Insights into the Early Stages of Melamine Cyanurate Nucleation from Aqueous Solution

On the basis of computational and experimental approaches, we provide molecular-level insights into melamine cyanurate (M-CA) self-assembly in aqueous solution and identify corresponding mechanisms of aggregation. Our analysis implies that small M-CA molecular complexes are stabilized predominantly via aromatic p-p-stacking rather than by formation of hydrogen bonds.

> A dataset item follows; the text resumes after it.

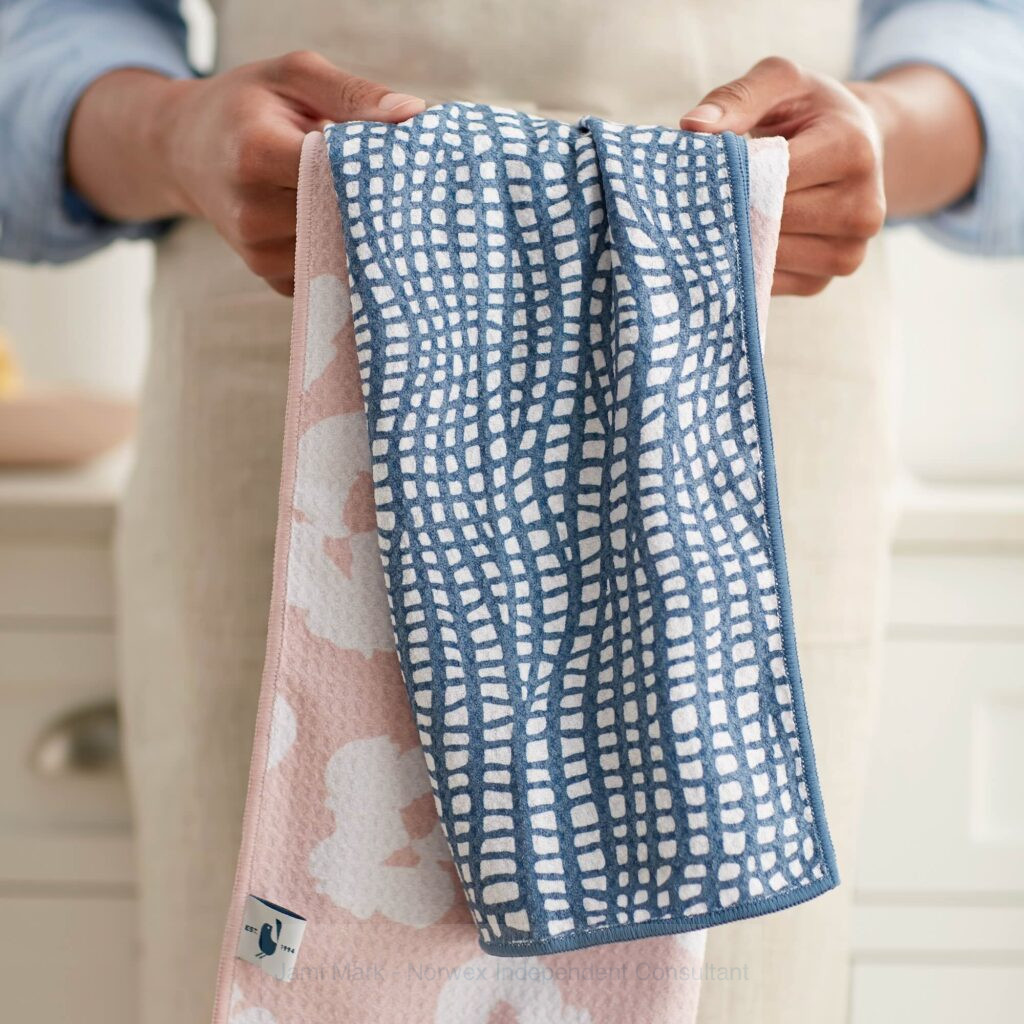 Woman holding Norwex Tea Towels in the kitchen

We demonstrate that variation of the [M]/[CA] component concentration ratio results in a smooth change in the structure of the critical nuclei from more disordered in the excess of M to more crystal-like in the excess of CA. This behavior can indicate that the process of M-CA nucleation in aqueous solutions could be altered between classical and nonclassical mechanisms depending on the local [M]/[CA] concentration ratio, which could be prospective for the programmable design of functional supramolecular materials.

Automated summary

This study provides molecular insights into the self-assembly of melamine cyanurate in aqueous solution and identifies mechanisms of aggregation. The research suggests that the formation of small M-CA complexes is mainly stabilized through aromatic p-p stacking rather than hydrogen bond formation. It also demonstrates that changing the concentration ratio of M to CA leads to a variation in the structure of critical nuclei, indicating a potential for the programmable design of functional supramolecular materials.